I could find a way to cope with the editors who rejected my proffered articles but would virtually go down on bended knee to ask Tom for some of his prose writing. I couldn’t promise not to grumble about it, but I would cope. There was a perverse pleasure in knowing that occasionally he used some of my writing, sometimes entire paragraphs from my columns (with permission), in the material he would offer to those grateful editors.
I could find a way to cope when I became invisible in his company, when the new people we met together became focused on keeping his attention and forgot to include me in the conversation. I understood the deep pleasure of winning his attention.
I could find a way to cope with the daily email inquiries from correspondents wanting me to forward their requests directly to Tom so they didn’t have to run the gauntlet of his manager. I knew I wasn’t his personal assistant, even if they didn’t.

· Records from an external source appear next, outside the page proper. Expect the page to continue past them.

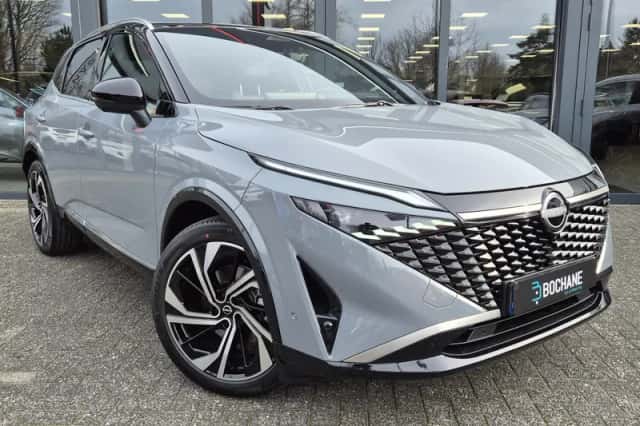 Nissan Qashqai (2026) thumbnail 5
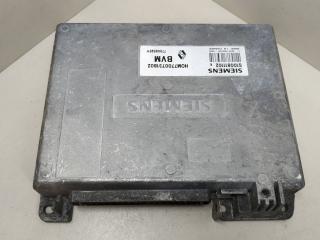блок управления двигателем Renault 5 2 поколение 1993, 1.7 л., бензин, HOM7700731802, 7700859511, S100811102E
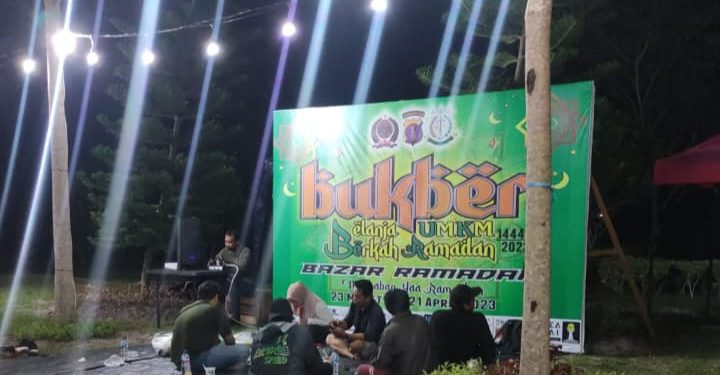 Bazaar Ramadhan, Belanja UMKM Ramadhan Berkah (BUKBER)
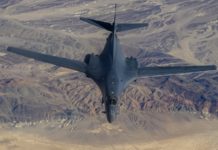 Le début de la fin pour le Rockwell B-1B Lancer.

I could find a way to cope with his multitudinous fans and their autograph-‐hunting, photograph-‐taking presence in our lives. Even the obsessed ones who sent me emails describing me as ‘Beyond Disgusting’ and a ‘Bitch Prostitute’ and threatening me with a ‘Bloodbath’ for my ‘Mountain of Faults’. I deleted their emails and told myself I was glad not to be living in their skin.

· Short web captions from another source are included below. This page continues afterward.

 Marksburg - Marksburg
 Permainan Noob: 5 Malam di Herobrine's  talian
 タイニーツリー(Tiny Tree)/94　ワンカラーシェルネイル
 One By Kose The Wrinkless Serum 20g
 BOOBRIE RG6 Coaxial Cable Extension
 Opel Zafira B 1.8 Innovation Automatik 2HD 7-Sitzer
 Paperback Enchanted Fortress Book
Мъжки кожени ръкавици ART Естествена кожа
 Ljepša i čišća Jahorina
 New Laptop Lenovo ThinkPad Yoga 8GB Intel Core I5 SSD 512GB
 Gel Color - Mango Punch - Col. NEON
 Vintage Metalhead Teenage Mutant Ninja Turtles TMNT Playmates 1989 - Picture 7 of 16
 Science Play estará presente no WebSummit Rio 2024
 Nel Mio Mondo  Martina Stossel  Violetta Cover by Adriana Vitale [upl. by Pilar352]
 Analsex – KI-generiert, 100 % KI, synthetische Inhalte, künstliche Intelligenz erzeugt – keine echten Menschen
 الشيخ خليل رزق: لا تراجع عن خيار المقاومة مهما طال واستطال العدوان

And I could even find a way to cope (just) when he took the morsels of grief I shared with him in the dark and turned them into songs.
But unless Tom gave up using heroin and fucking other women, I couldn’t feel safe. The choice was his: them or me.
He had been reluctant. By all accounts a needle full of heroin feels pretty good. I had never wanted to find out for myself. As for fucking other women, it wasn’t a moral thing for me. I understood the pleasures of wanting and being wanted.
There had been that one time, towards the end of an earlier relationship, the one-‐off that becomes the beginning of the end. Forbidden pleasures often turn out to be so much less pleasurable than you anticipate. Once you’ve broken the rules and gotten away with it, though, it can be hard to find a reason not to break them again. ‘Don’t pull on a thread’, my grandmother Peg used to tell me. ‘The whole thing could come apart.’ And it had. That’s when I realised I had to be monogamous. To stop things unravelling.
Of course I understood that charismatic Self-‐and-‐Other people usually get a lot of offers and that famous charismatic Self-‐and-‐Other people like Tom probably get more offers than they can poke a stick at. But it wasn’t something I could live with. I offered to walk away, no hard feelings, if Tom preferred those pleasures to being with me.
Eventually Tom had agreed, on both counts. Heroin had been killing too many of his friends lately. As for monogamy, he consoled himself out loud with the quote attributed to
the actor Paul Newman: ‘Why go out for hamburgers when you’ve got steak at home?’ Even if the feminist in me winced at the raw meat comparison, it was at least some kind of ‘positive evaluation’.
But after all our time apart in recent months, the old itch of anxiety had resurfaced. It had to be scratched. Over my birthday dinner at a country hotel I posed the question: ‘Monogamy’s not so bad after all, is it?’
It was a rhetorical question. We were the lucky ones, the ones who had found each other. Found ourselves-‐in-‐another. Tom looked away for a moment then smiled and took my hand across the table. ‘You needn’t worry’, he said. ‘I am true to you. You make monogamy a good place to be.’